Yes, vehicles that travel often on gravel roads get lime dust built up on the inside of the wheels and will shake like mad when some of it either falls out or gets washed out. The only way to stop the shaking is to clean all of the lime dust out, then the whole process starts again.

My car, a sedan, only travels on paved roads. Wheels are brand new and only have about 4,000 miles on them. Although genuine Merc pads are very dusty, there couldn't have been much - weight wise - pad material on the wheels. They got "washed" several times in a regular, automated car wash.
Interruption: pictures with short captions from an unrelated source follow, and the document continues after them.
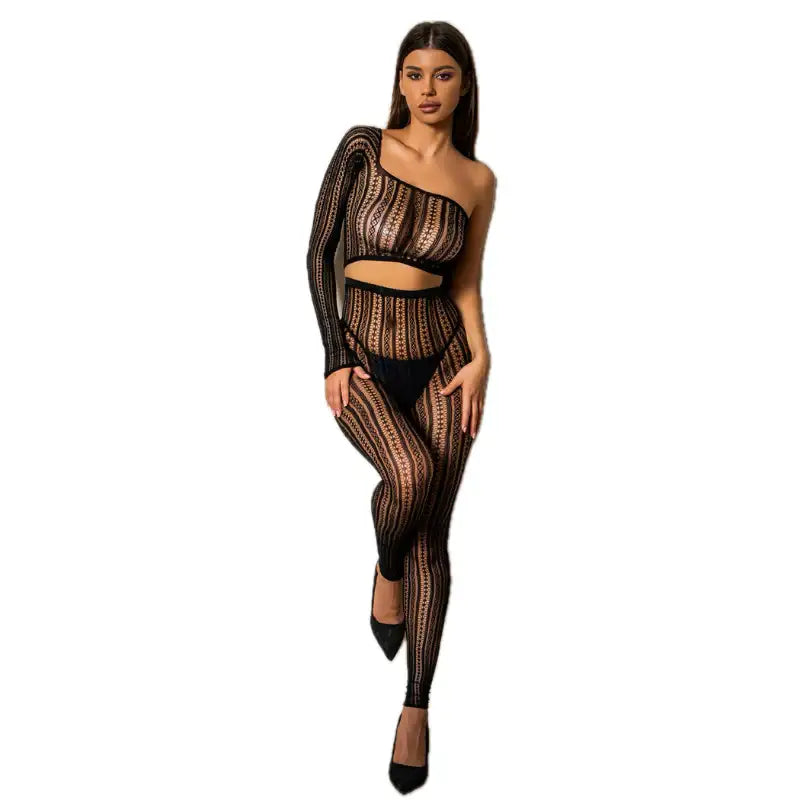 Bodystocking - 2 Pcs Black One Shoulder Strapes Fishnet Lingerie - Frisky Business Adult Sex Toys Shop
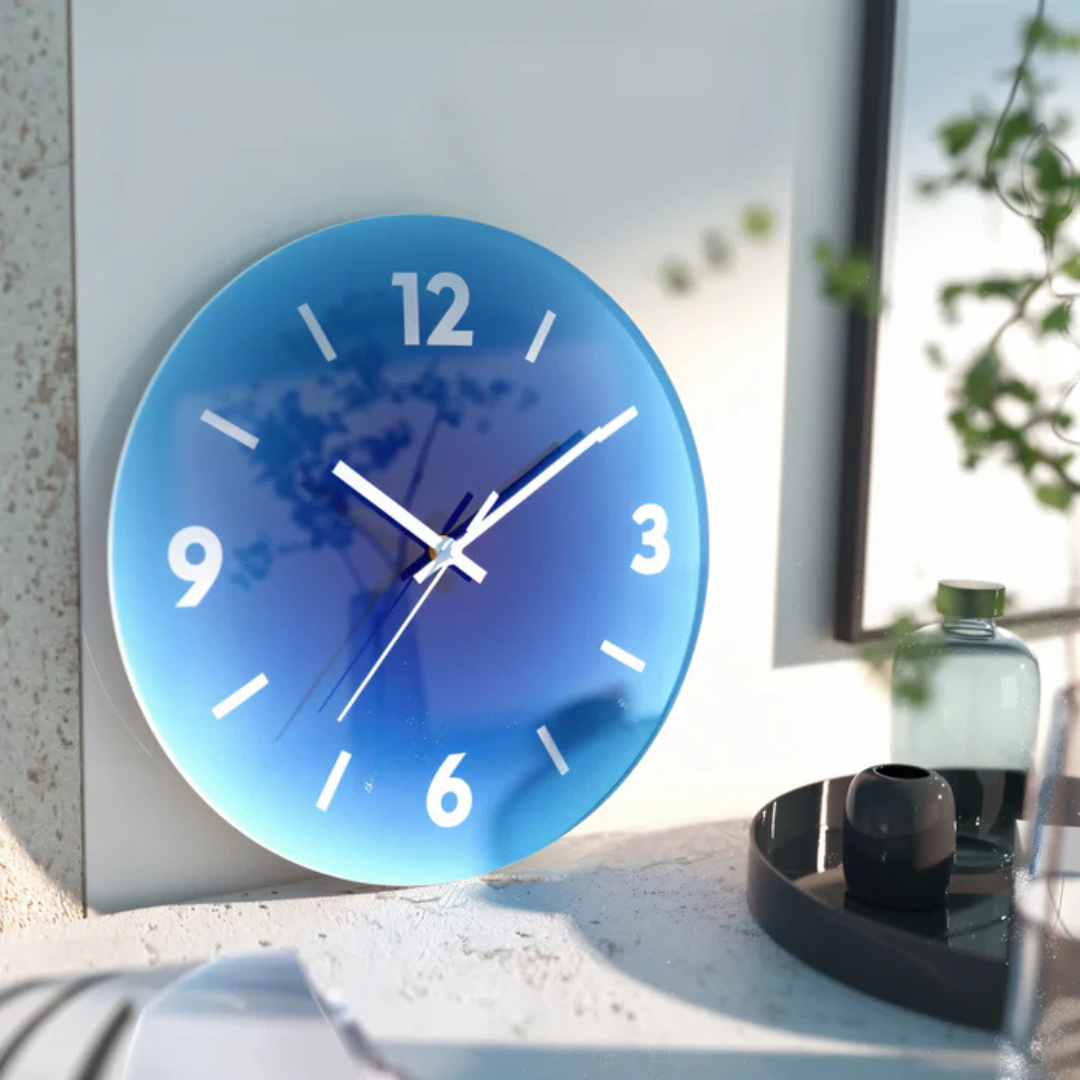 Solnedgangs Vægur i Glas – Moderne Design Tidsmåler Vægure Tech Butik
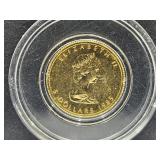 1/10 Ounce Fine Gold $5 Coin 1985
Calipers have 30 years worth of brake dust on them though. How much weight-wise, I don't know, but apparently enough came off after only 5 minutes (per instruction) of soaking in Sonax wheel cleaner, to make such a measurable difference. It was truly unexpected and bewildering
 
Next try taking the wheels off the car and scrubbing the insides of the barrels. I do it whenever I have the wheels off the Mustang. I just need to remember to take time to really do it next time I get tires.
 
1) I'm happy for your improved condition / situation. Go out and spread the joy with others.
2) I'd never think of "30 years of crud (whatever) on the calipers" would make a difference as the calipers do not spin.
3) In the inner surface of the wheels of Sis' old Jeep I discovered a pile of grease (big, thick pancake). I scraped them off and washed the wheels. I didn't tell her and she later asked what I had done as the XJ drove smoother. Ever since I daub cheap car wax on the insides of wheels and let it dry. I figure it improves the chances of any accumulated dirt being flung away automatically.
 
Yes, vehicles that travel often on gravel roads get lime dust built up on the inside of the wheels and will shake like mad when some of it either falls out or gets washed out. The only way to stop the shaking is to clean all of the lime dust out, then the whole process starts again.
Yep. I used to live on an island at the end of a 2 mile gravel road. Island driving, we never went fast enough to feel any vibration. But whenever we took the ferry to the mainland and drove on the freeway the wheels would shake. I'd have to use the tire iron from the spare wheel kit to scrape off all the dust and dirt stuck to the inside of the wheel rims. Then it ran smooth.
 
2) I'd never think of "30 years of crud (whatever) on the calipers" would make a difference as the calipers do not spin.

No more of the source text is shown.